» **Your assignment**
Below are records with pictures. Transcribe exactly, and only, the lines from the line with "Photo 2 - Maison à TRAPPES" to the line with "چاله‌های مشکل‌ساز در", both ends included, but not the pictures.

═════ Source information ═════

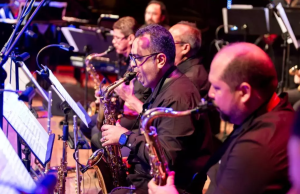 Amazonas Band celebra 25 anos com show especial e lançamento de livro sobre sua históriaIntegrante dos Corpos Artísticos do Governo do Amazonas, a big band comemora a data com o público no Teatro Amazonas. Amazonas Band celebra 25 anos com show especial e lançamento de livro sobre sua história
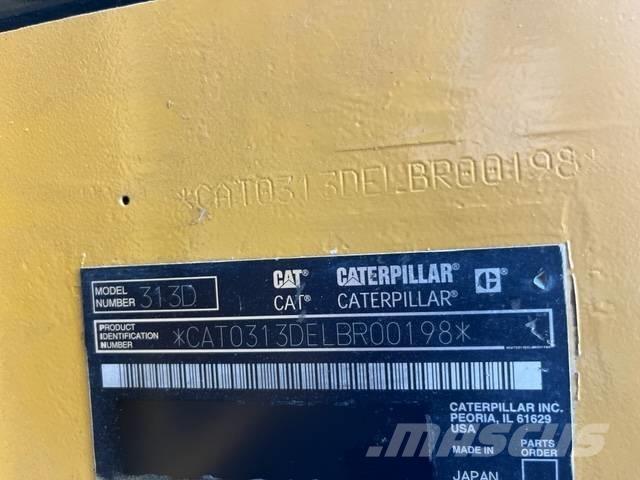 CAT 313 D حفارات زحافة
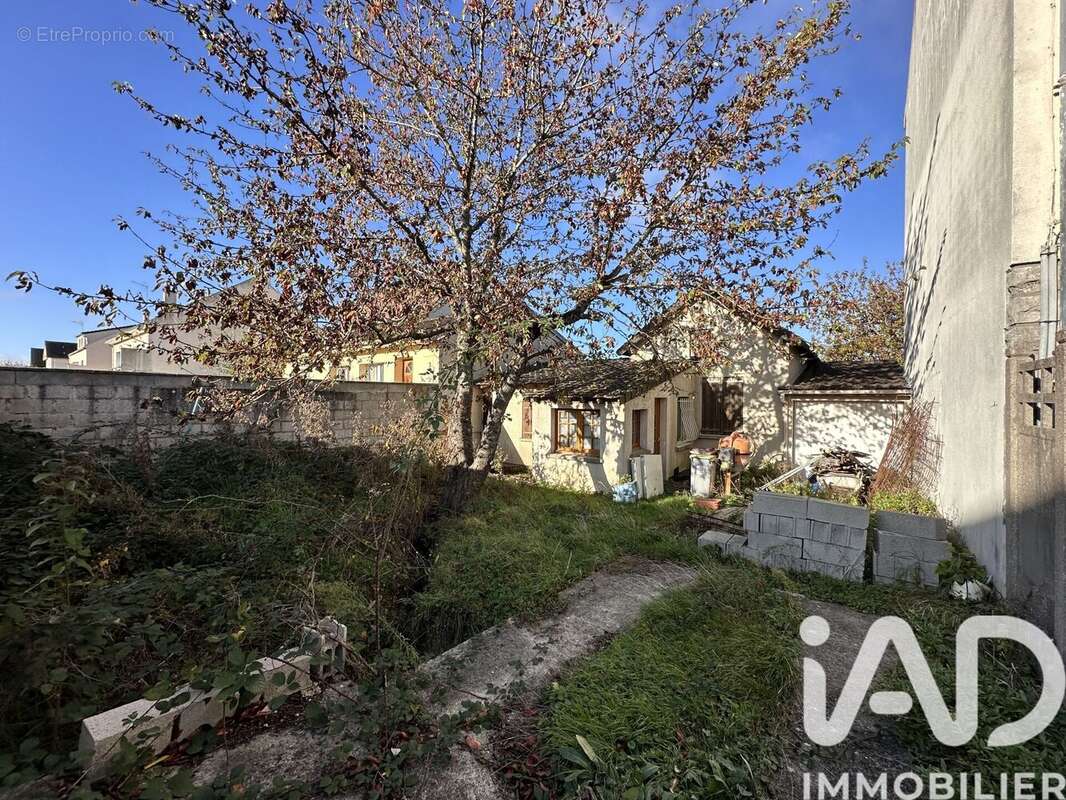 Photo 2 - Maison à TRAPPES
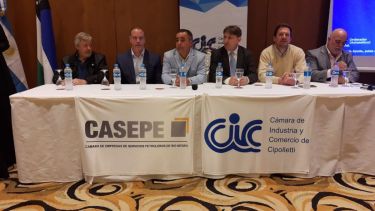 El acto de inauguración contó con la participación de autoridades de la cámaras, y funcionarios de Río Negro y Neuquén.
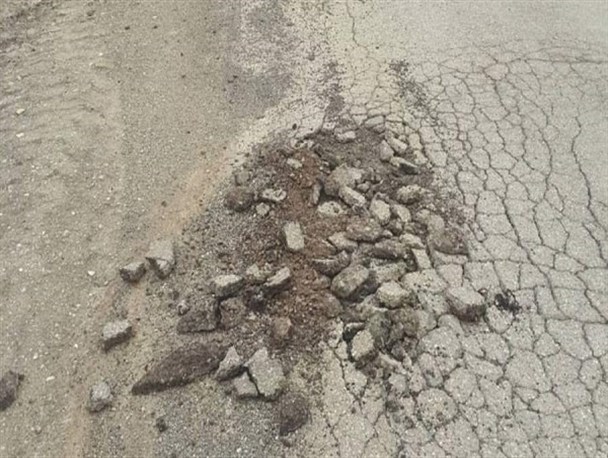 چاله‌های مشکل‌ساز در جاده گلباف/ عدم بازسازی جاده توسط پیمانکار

═════
═════ Source information ═════

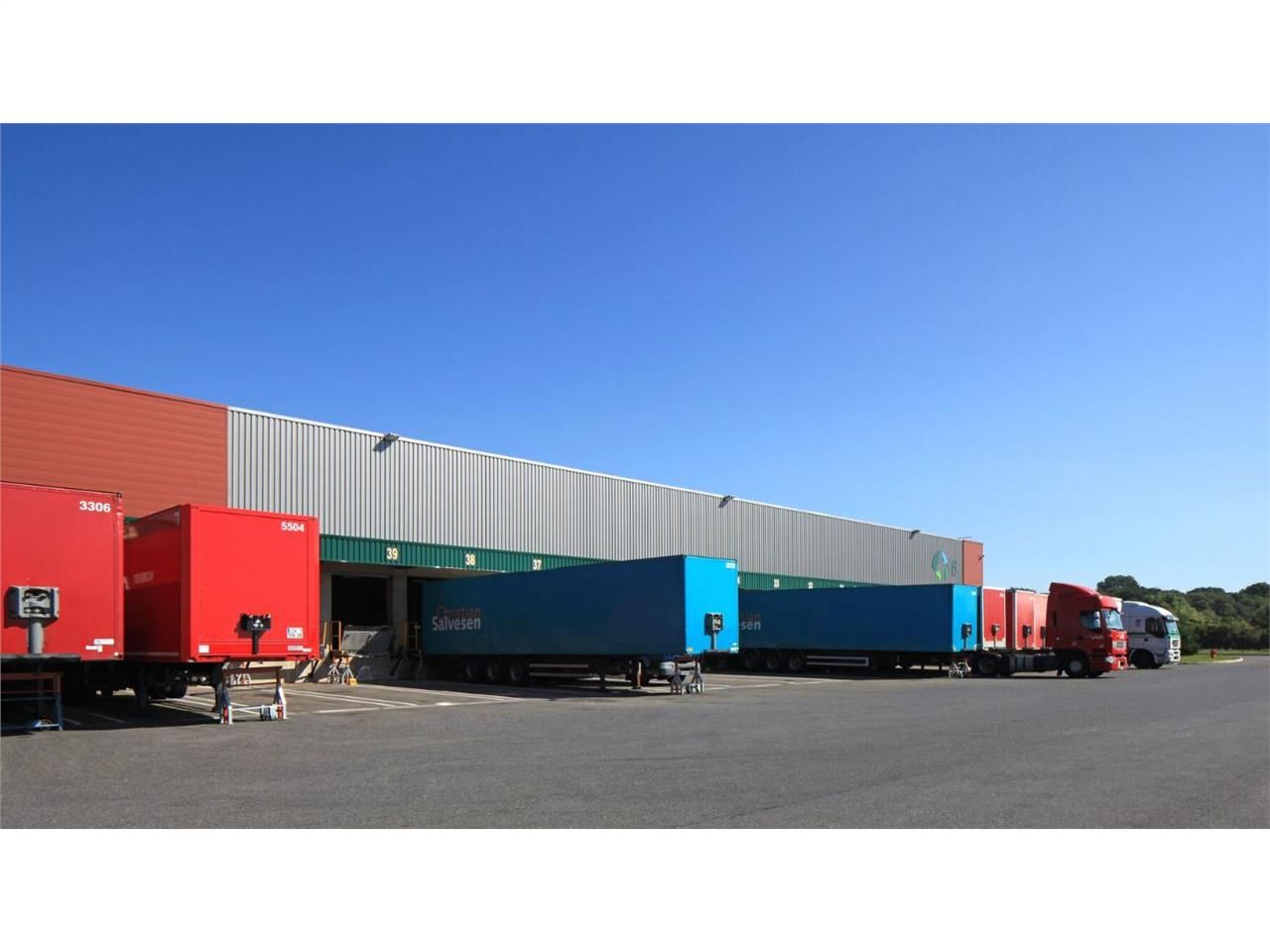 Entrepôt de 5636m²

═════
═════ Source information ═════

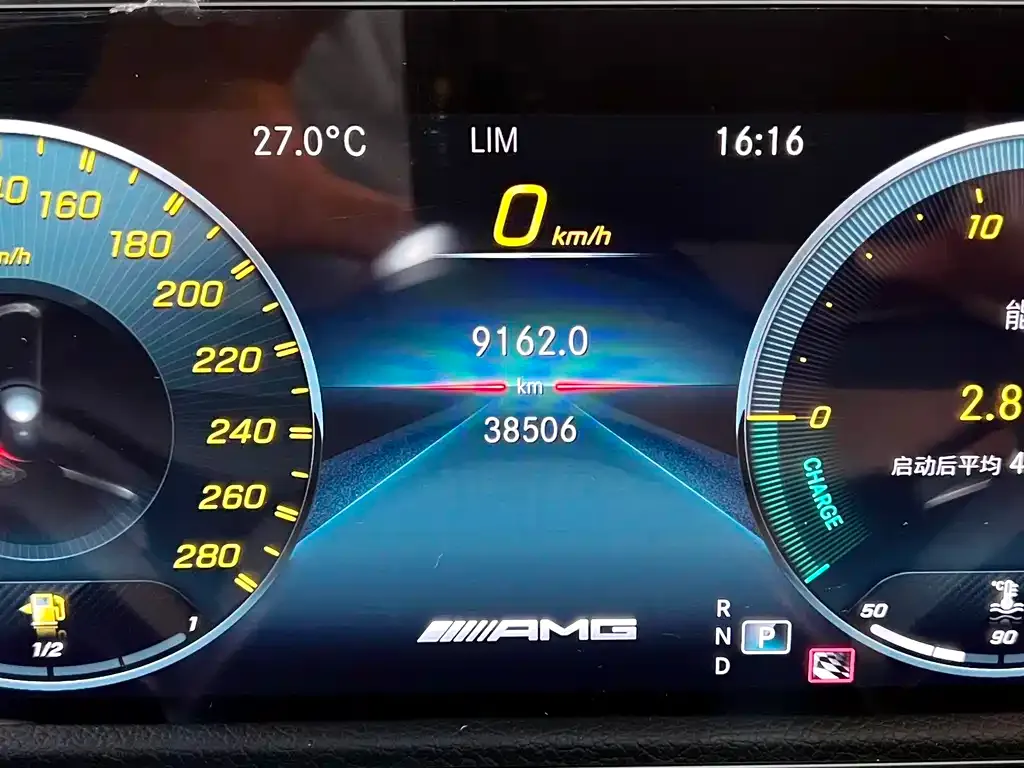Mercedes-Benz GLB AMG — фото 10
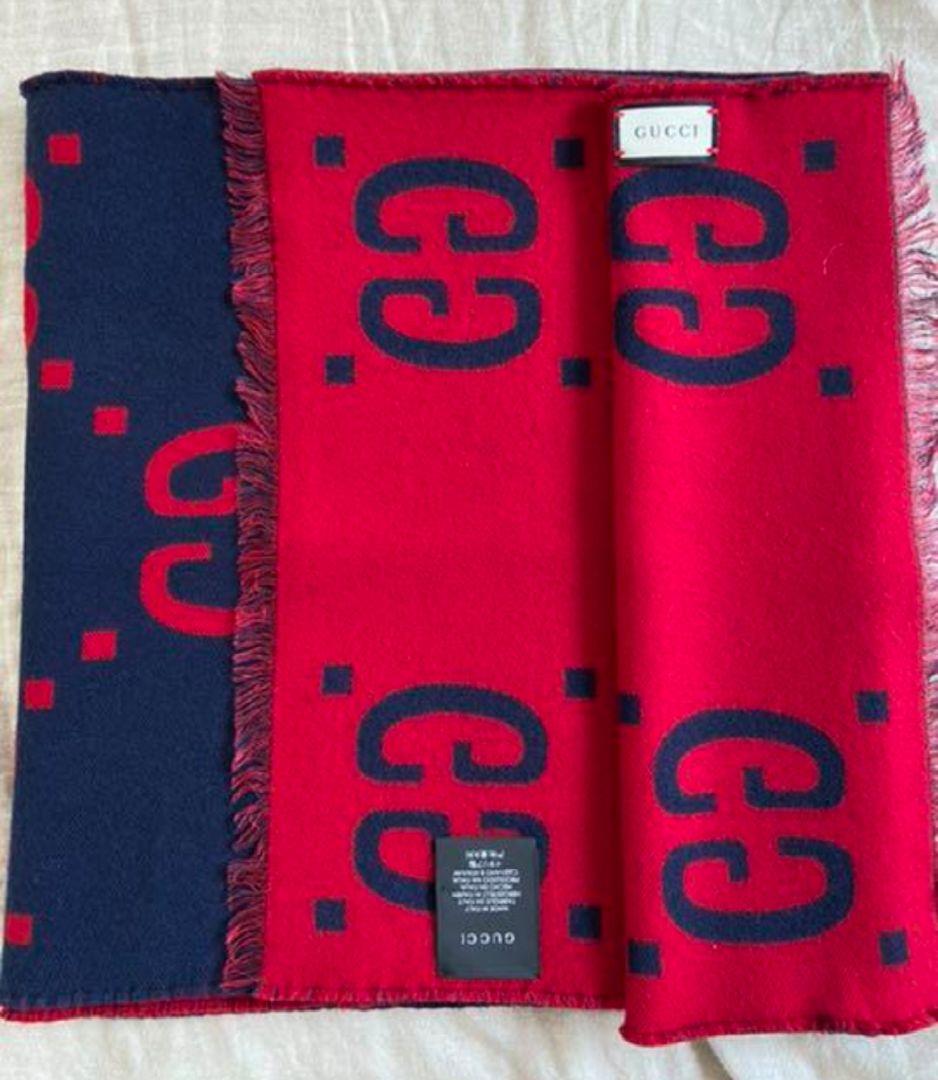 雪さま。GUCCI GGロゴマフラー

═════

» **Written reply**
 Photo 2 - Maison à TRAPPES
 El acto de inauguración contó con la participación de autoridades de la cámaras, y funcionarios de Río Negro y Neuquén.
 چاله‌های مشکل‌ساز در جاده گلباف/ عدم بازسازی جاده توسط پیمانکار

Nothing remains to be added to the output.